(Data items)
****

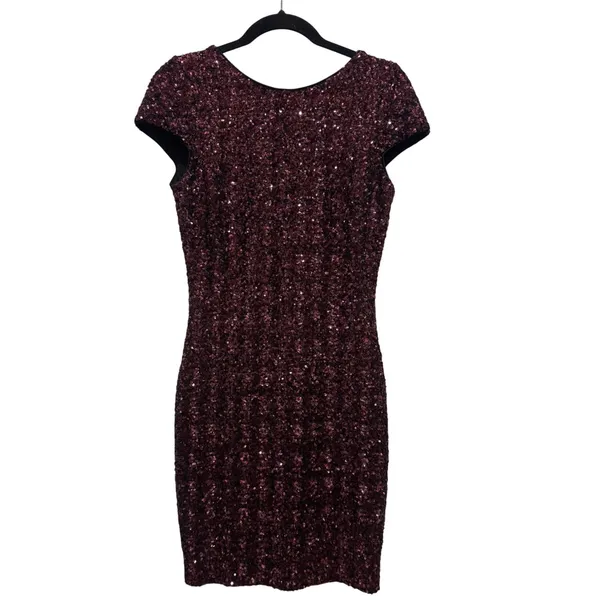Dress‎ The Population Sequin Mini Dress Sz Small Burgundy Glam Cap Sleeve Formal - Image 2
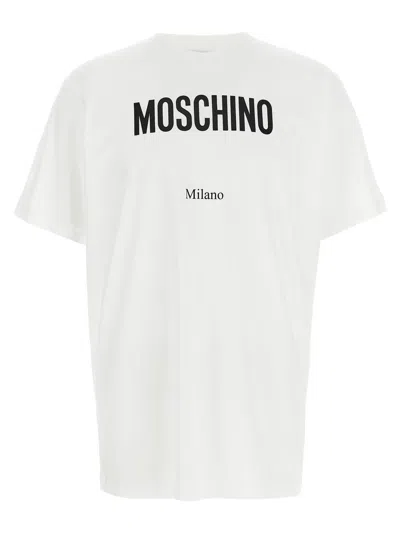 Moschino Cotton T-shirt With Contrasting Logo Detail In White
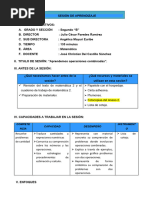 Sesion de Aprendizaje Matemática Operaciones Combinadas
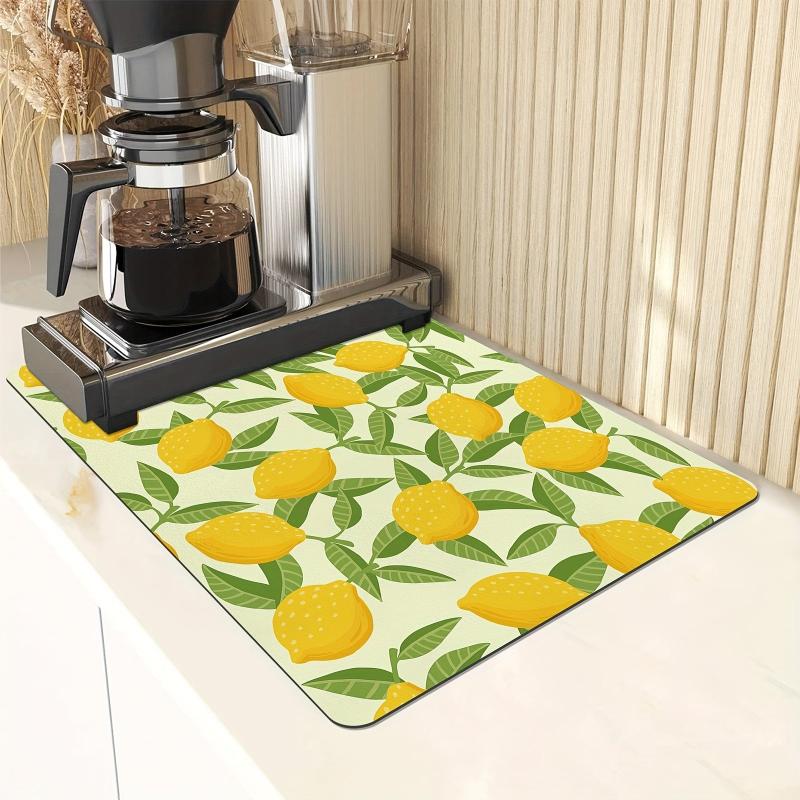 Lemon Printed Dish Drying Mat Absorbent Non Slip Wear resistant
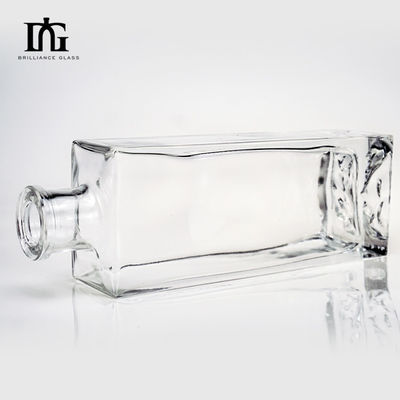 Offset Printing 500ml Clear Glass Beverage Bottles with Thick Bottom and Cork Stopper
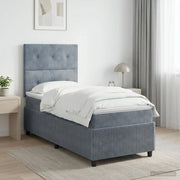 Letto box spring con materasso Grigio Scuro 90 x 190 cm Velluto 3454512
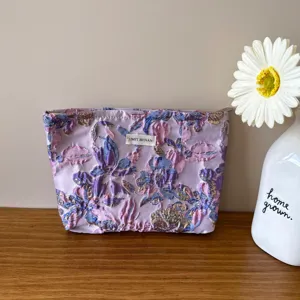 Borsa Cosmetica Jacquard Floreale Vintage Custodia con Cerniera Borsa da Donna Borsa da Toiletry da Viaggio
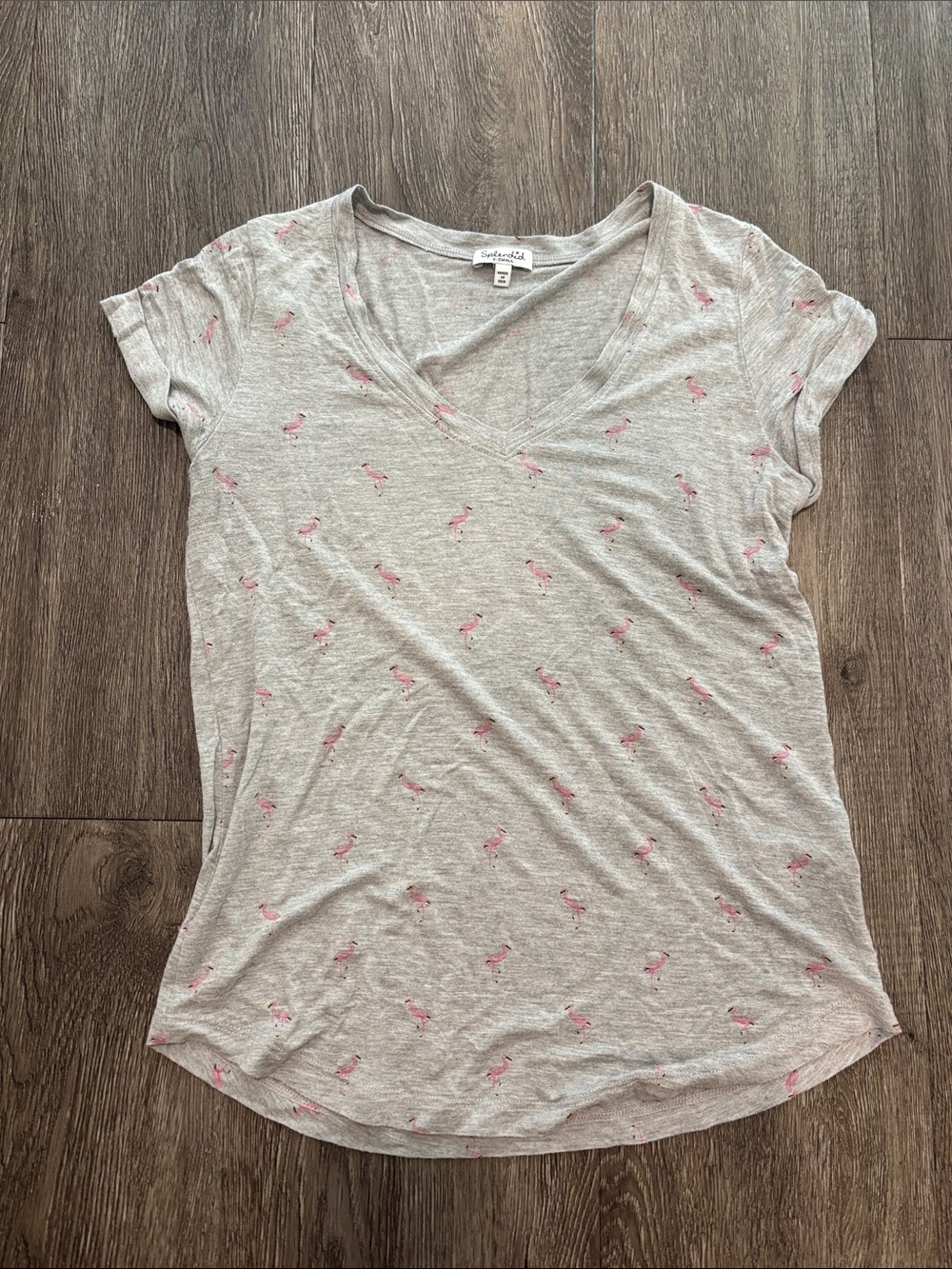 Light Gray V-Neck Tee with Pink Flamingo Print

****

▶ [Exercise] Quote the entries above word for word. Leave the images out.

▶ [Result of the task]
Dress‎ The Population Sequin Mini Dress Sz Small Burgundy Glam Cap Sleeve Formal - Image 2
 Moschino Cotton T-shirt With Contrasting Logo Detail In White
 Sesion de Aprendizaje Matemática Operaciones Combinadas
 Lemon Printed Dish Drying Mat Absorbent Non Slip Wear resistant
 Offset Printing 500ml Clear Glass Beverage Bottles with Thick Bottom and Cork Stopper
 Letto box spring con materasso Grigio Scuro 90 x 190 cm Velluto 3454512
 Borsa Cosmetica Jacquard Floreale Vintage Custodia con Cerniera Borsa da Donna Borsa da Toiletry da Viaggio
 Light Gray V-Neck Tee with Pink Flamingo Print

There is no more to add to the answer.